Rodeo wrangler swaps spurs for circus sequins

Rodeo wrangler swaps spurs for circus sequins


ALBANY — Growing up, most young boys dream of being either a rodeo cowboy or running off to join the circus. Andre McClain couldn’t make up his mind, so he did both.

A child prodigy as a rodeo performer, McClain is now a valuable member of the Ringling Bros. and Barnum & Bailey Circus that is at the Times Union Center tonight through Sunday.

Asked which dream job he preferred as a child, the man who trains animals for the circus rather than wresting them to the ground in the rodeo, said, “I love both. But I have to admit the circus is a lot easier on me physically.”

He spent most of his life as a cowboy, but for the past 10 years, he’s been living a dream he never knew he had.

As a child, the circus never entered his mind. “I never even saw a circus,” he said. “When I was a kid it was thought that only robbers and murders ran off to the circus. That wasn’t me. I was a cowboy. One of the good guys.

“The circus found me and now they can’t get rid of me. They say the circus makes dreams come true. It certainly made my dreams come true. I wake up every morning and I can’t wait to get into the ring to perform and look at the faces of all the kids who are having the time of their lives. I’m a lucky guy.”

Although a major attraction with the circus, McClain still calls himself “America’s favorite cowboy.” Indeed, if they were still making those old cowboy movies he’s probably be the modern Hopalong Cassidy. He was born and raised on a ranch in Kansas, Mo. His father founded and ran the Bill Pickett Rodeo, America’s first African-American touring professional rodeo show. McClain sings, does rope tricks and animals obey him when he whispers to them.

Andre was bucking ponies and wrestling steers at the tender age of 5. By the time he was 7, he was a competing with older men for prize money.

But Andre knew that in the modern world, even cowboys have to have an education and he took a break from the rodeo to earn a degree at the University of Missouri. Since there are no bronco busting courses at college, he got his degree in business management and was also a vocal major.

After college, McClain went back to the rodeo. When not wrestling steers, he could be found training ponies. Before long he was traveling in his father’s show with his own animal act.

Always searching for a way to improve, he visited circus headquarters to learn the proper technique for working with stilts, which he wanted to work into his act. Before long, the circus was interviewing McClain and they offered him a job working with the exotic animals and appearing in the All Access Circus Pre-show.

He accepted the offer to be the host of the pre-show. He worked with his horse and a couple of other animals, sang some country songs that he wrote himself, performed rope tricks and bantered with the audience. Gradually, he expanded his act to include a few more ponies, a couple of llamas and a watusi. “It’s not the dance,” he quips when talking about the pee-wee African steer.
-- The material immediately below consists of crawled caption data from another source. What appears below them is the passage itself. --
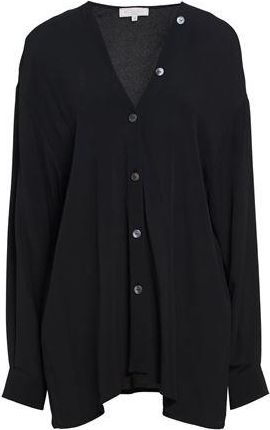 Antonelli TOPWEAR - Camicie su YOOX.COM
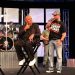 Travis Hearn on the Importance of Networking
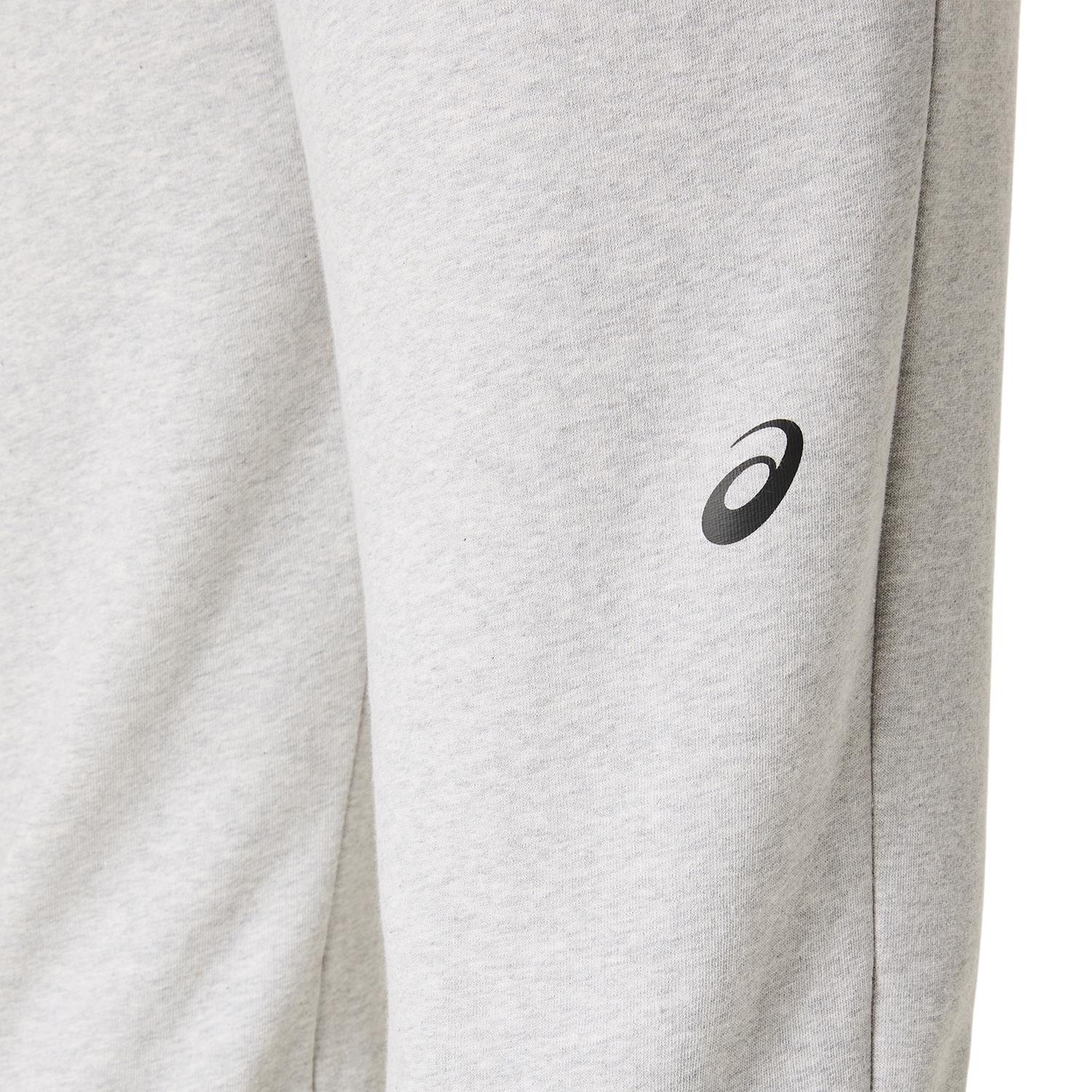 product/a/s/asics_2031e189---020_light-grey-heather_6.jpg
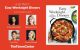 Easy Weeknight Dinners Book Talk | NYT Cooking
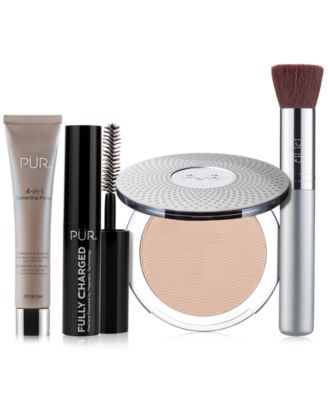 P&Uuml;R 5-Pc. Multitasking Essentials Best Sellers Set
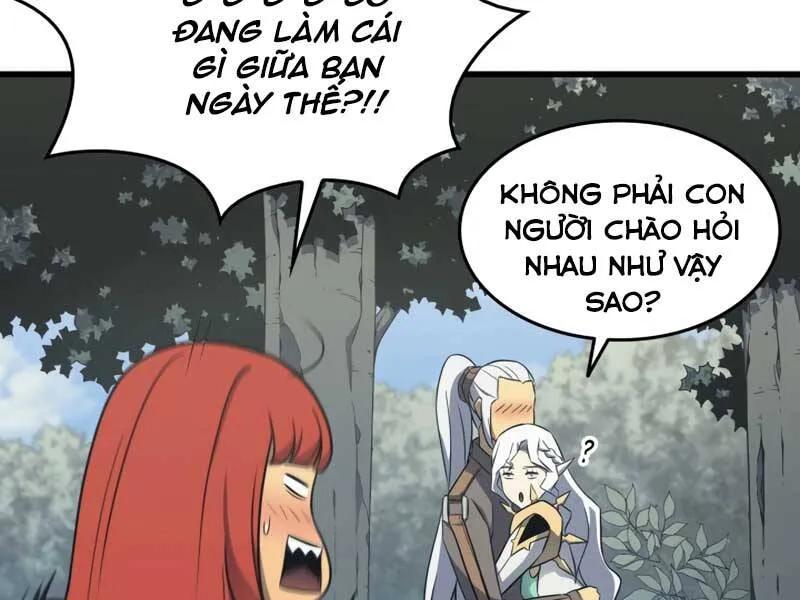 Trang 152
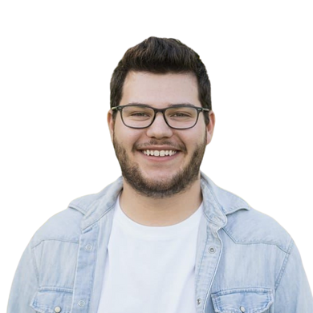 profile-picture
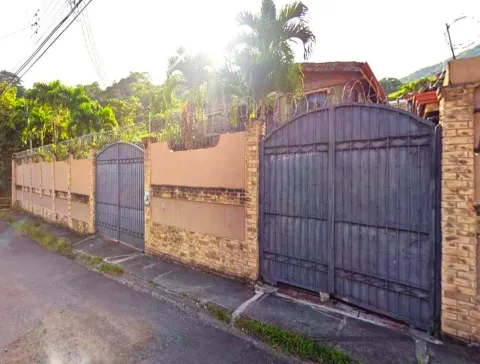 Casa en venta en Santa Ana, San José – foto 2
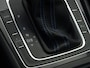 Volkswagen Golf 1.4 TSI GTE DSG 5DRS NAP/NAVI/AC/CRUISE/PDC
He’s now in the main arena where he puts his six animals through their paces — standing on their hind legs and doing intricate maneuvers without the help of reins or a rider. Only his voice gets them to go what he wants.

It doesn’t sound very risky, but McClain cautions, “When you work with large animals, everything is dangerous. You can’t make an animal do a trick. An animal has to want to do what you ask of it. Sometimes, when it doesn’t want to do something, it can be uncertain. It’s all about trust. I trust them and they trust me. If you love them, they’ll love you back.”

Despite McClain’s upward mobility in the circus (he’s also the ringmaster’s understudy) he still insists on being part of the pre-show. “It’s a great party,” he said. “The best thing about being part of the circus is to see the expression on the faces of the kids. Let me tell you, the pre-show is where it’s at. The kids get up close to the animals and meet the performers. They are inches from the elephants and I let them pet my animals who love the affection. It’s a total wow experience — for them and for us.

“I’m telling you man, I got the best job on earth and it’s in the greatest show on earth.”